Première indication de la privatisation de la communication européenne, la structuration de plus en plus importante d’un marché bruxellois d’experts de l’information européenne – parfaitement décrit par Philippe Aldrin dans « Producteurs, courtiers et experts de l’information européenne. Sociogenèse d’un champ professionnel dans le monde des affaires européennes ».

Pour Philippe Aldrin, « s’est ainsi imposé un marché de l’expertise stratégique sur les façons de mieux penser les politiques européennes et, aussi, « mieux communiquer l’Europe » ; un marché où s’abolissent les distinctions fonctionnelles entre journalistes, conseillers, experts et lobbyistes ».

A l’heure de la complexification de la construction européenne, un petit monde de « producteurs, courtiers et experts de l’information européenne » se déploie au sein duquel « les compétences professionnelles de ces prescripteurs des cadres perceptifs et interprétatifs des politiques publiques et de la gouvernance européennes ne sont plus différenciées qu’en fonction de la nature du commanditaire qui les emploie ».

Systématisation de la sous-traitance des missions de communication européenne

De plus en plus systématiquement, faute de disposer des ressources humaines et des compétences techniques au sein des institutions européennes, des appels d’offre publics pour des missions de communication européenne organisent peu à peu un véritable marché de prestataires spécialisés.

Le marché de la communication de la Commission européenne apparaît – selon les chiffres disponibles datant de 2011 – comme relativement concentré avec 3 agences – toutes basées à Bruxelles – représentant chacune environ un quart des 100 millions d’euros « privatisés » pour la communication de l’UE.

Généralisation d’un discours sur l’Europe inspiré par le business

Dernière tendance confirmant la privatisation croissante de la communication européenne, la généralisation d’un discours inspiré par le business au sein même des acteurs institutionnels européens.
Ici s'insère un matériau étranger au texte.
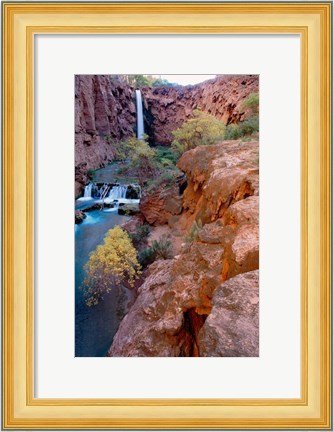 Framed Havasu Falls, Grand Canyon National Park, Arizona Print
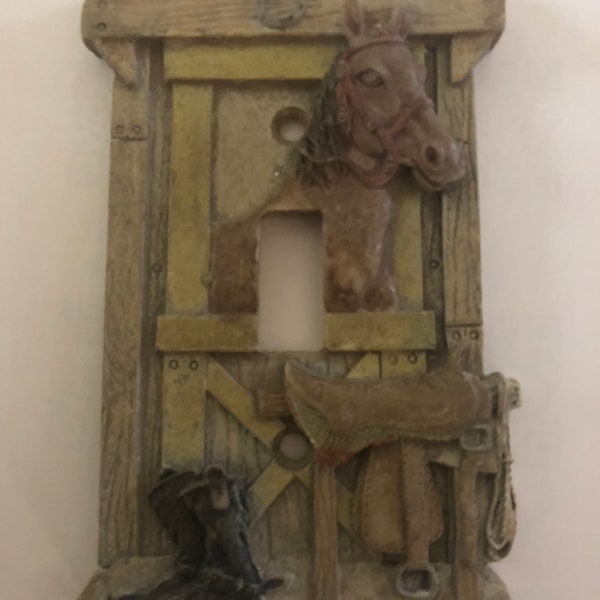 Horse Light Switch Cover - Etsy
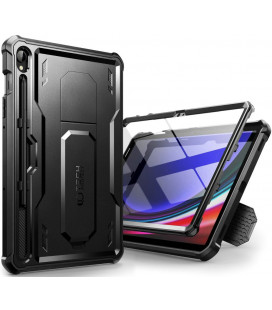 Juodas dėklas Samsung Galaxy Tab S9 / S10 FE planšetei "Tech-Protect Kevlar Pro"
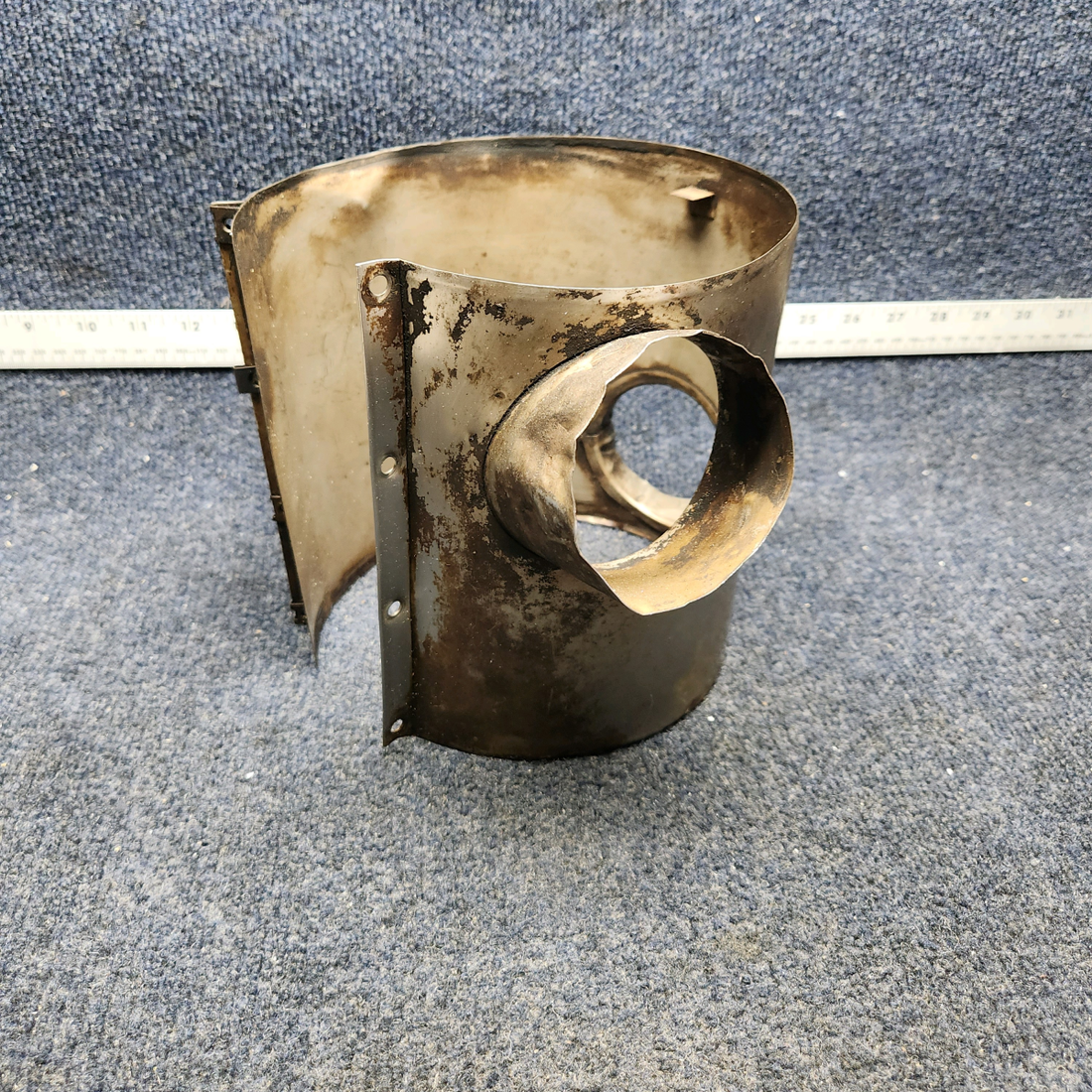 Used aircraft parts for sale, 35-950129-1 BEECHCRAFT F35 SHROUND ASSY EXHAUST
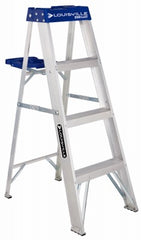LOUISVILLE LADDER Louisville Ladder AS2104 Aluminum Step Ladder 4 Ft 250 Lb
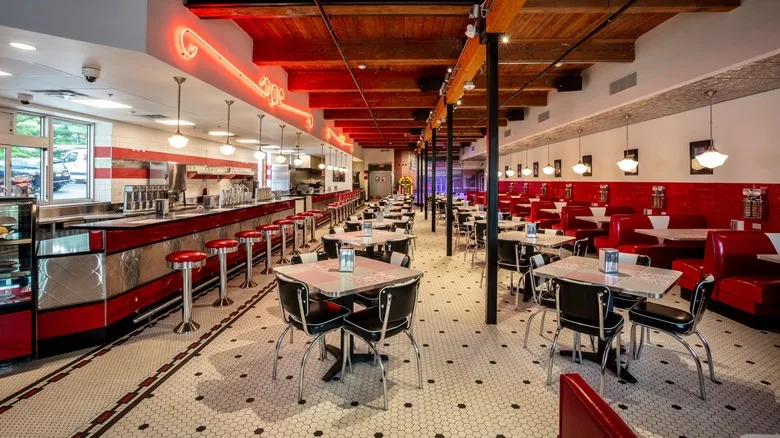 Interior of Elliston Place Soda Shop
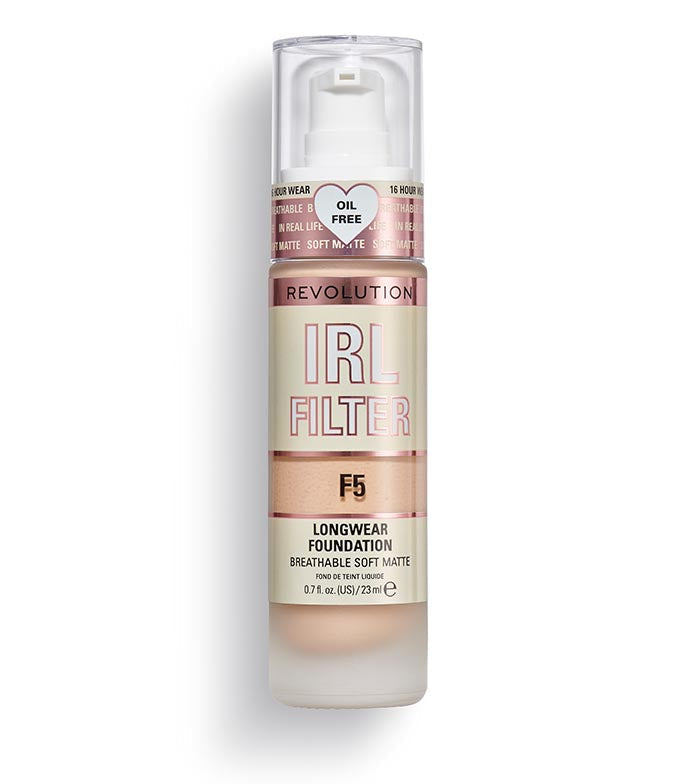 Makeup Revolution IRL Filter Longwear Foundation F5 | Best Price in Pakistan original skincare product Pakistan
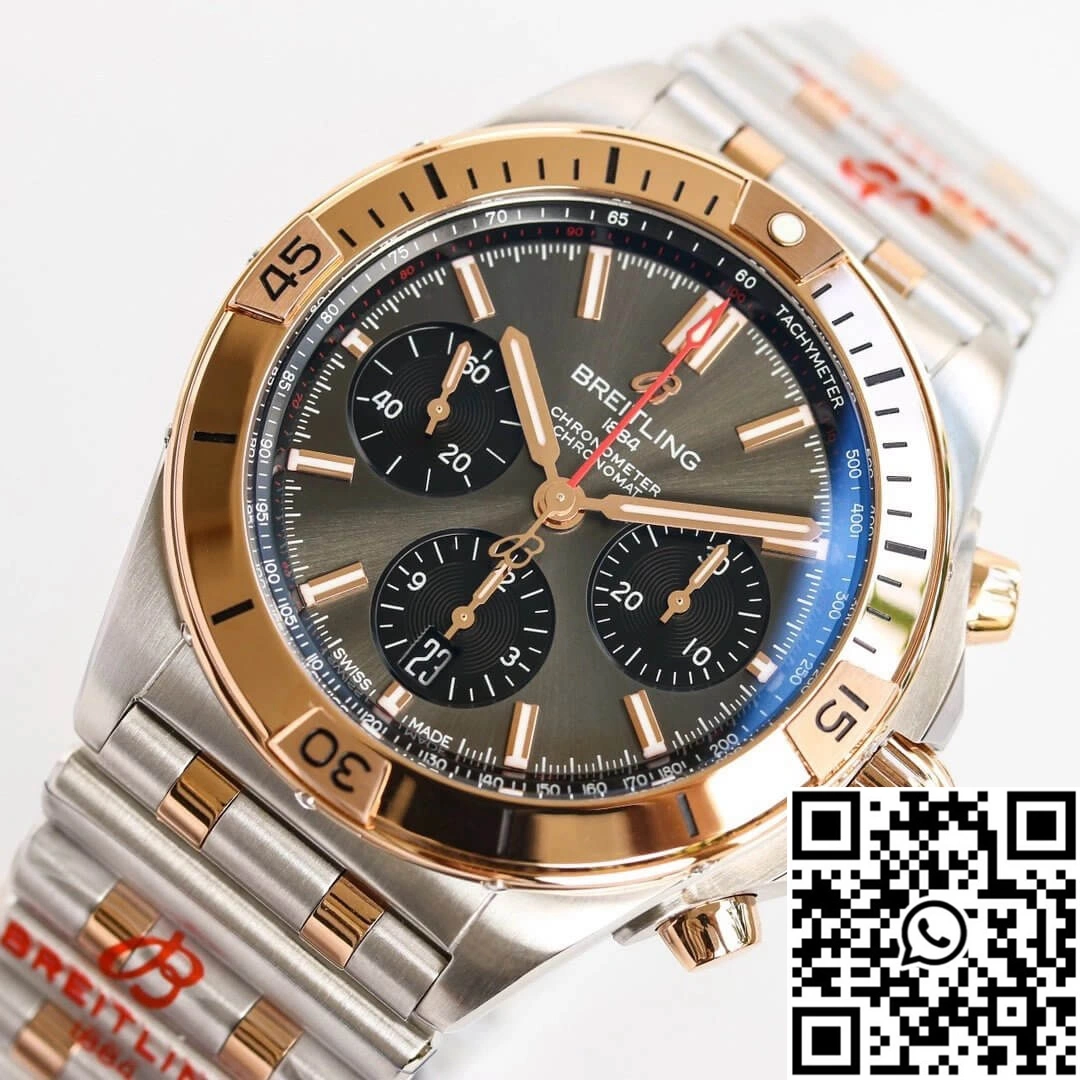 Effortless Breitling Chronomat UB0134101B1U1 GF Factory Rose Gold 1595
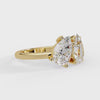 Shop MYZA's IGI Certified 2 Carat Pear Cut Lab-Grown Diamond Toi-et-Moi Ring in 18K Hallmarked Gold. Ethically grown, brilliantly crafted. Free shipping in India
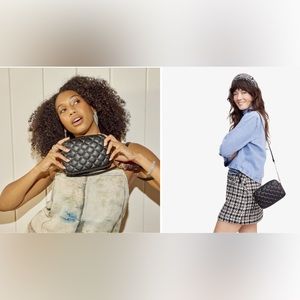 Rebecca Minkoff studded vegan leather crossbody black silver BRAND NEW sold out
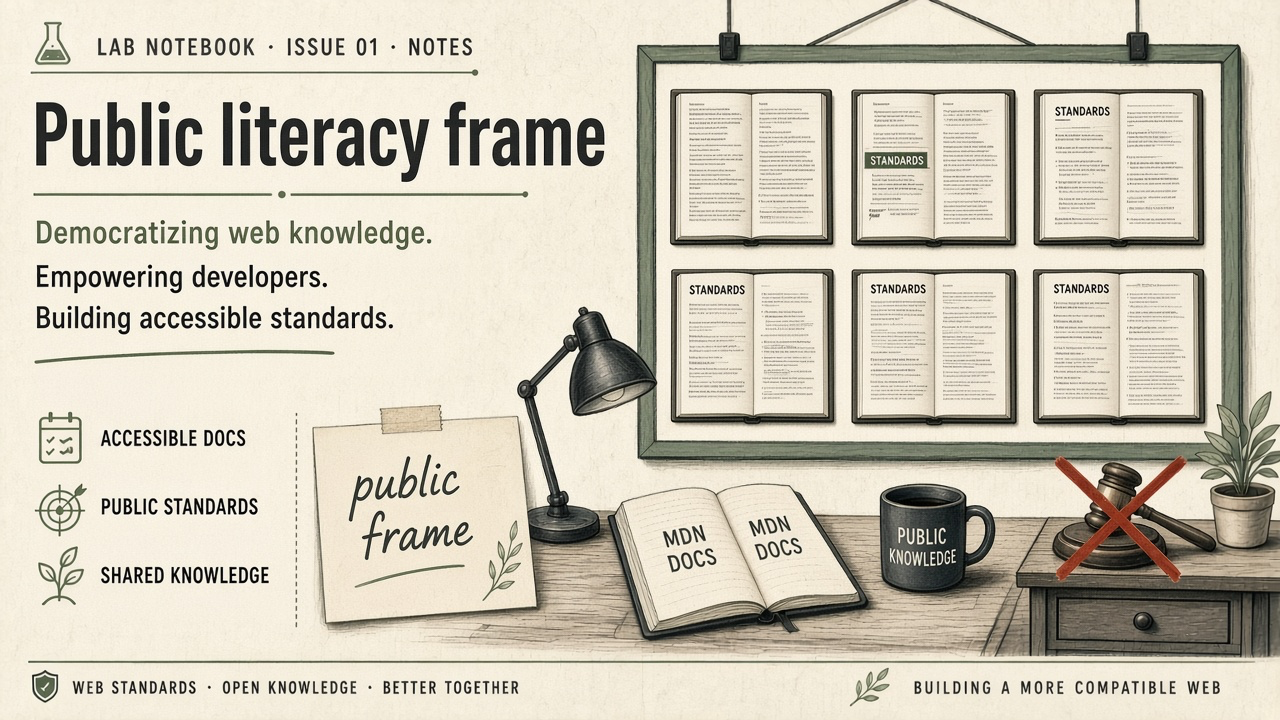 Public frame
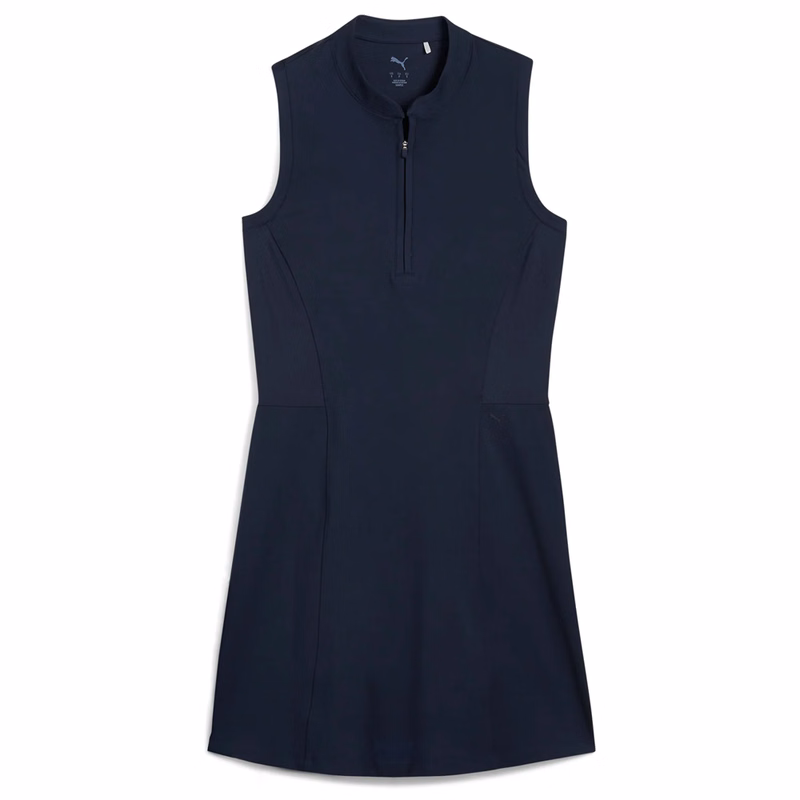 PUMA® Aerlon Mock Women's Sleeveless 1/4-Zip Golf Dress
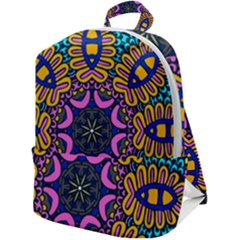 Mandala Fishes   Zip Up Backpack by ConteMonfrey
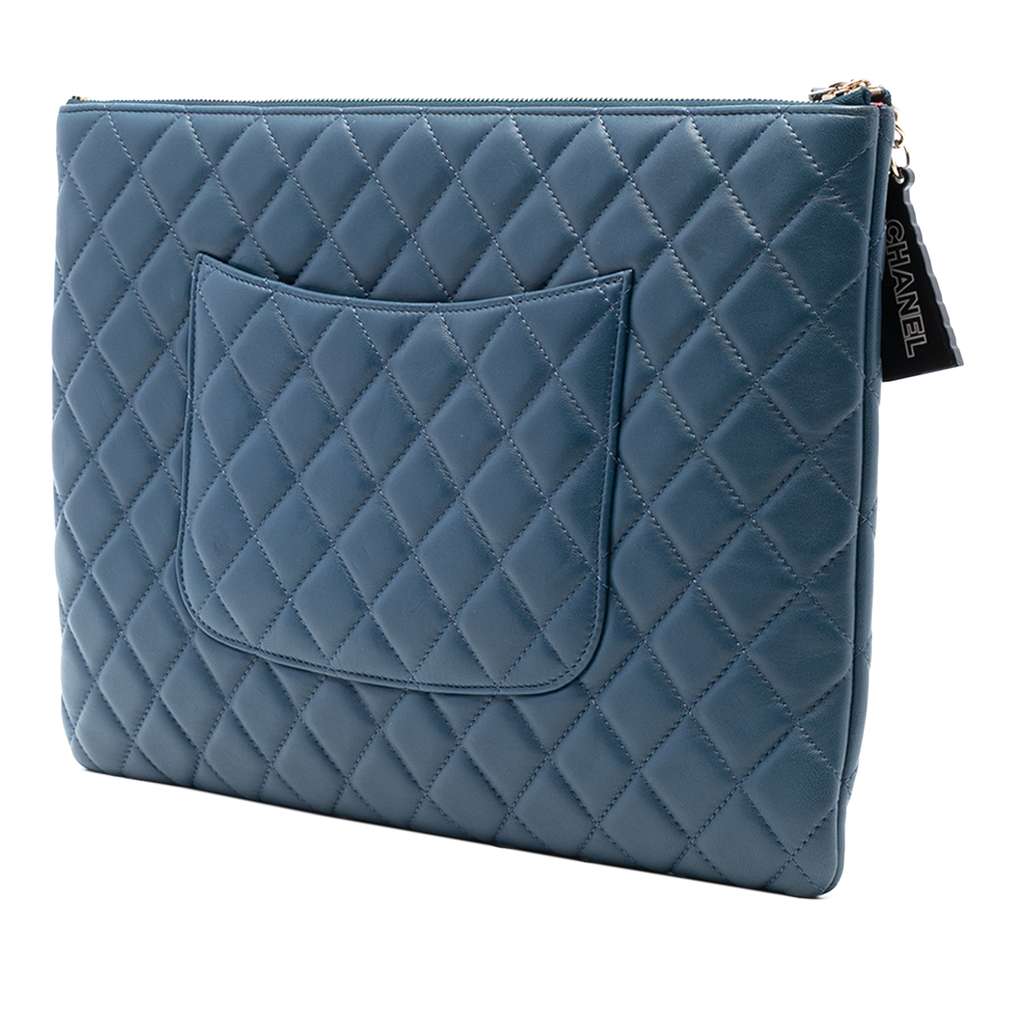 Chanel Large Quilted Lambskin La Habana O Case Clutch - 2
C’est le consultant indépendant, inventeur du concept de « nation branding » Simon Anholt qui indique récemment lors de la conférence EuropCom cette prégnance de concepts hérités de la stratégie militaire et du business : persuader des cibles, aligner les parties prenantes, délivrer un message unique.

Au total, le mouvement de privatisation dans les esprits et dans les actes de l’information et de la communication européennes n’est pas sans conséquence sur les partis-pris qui dominent actuellement la communication de l’UE.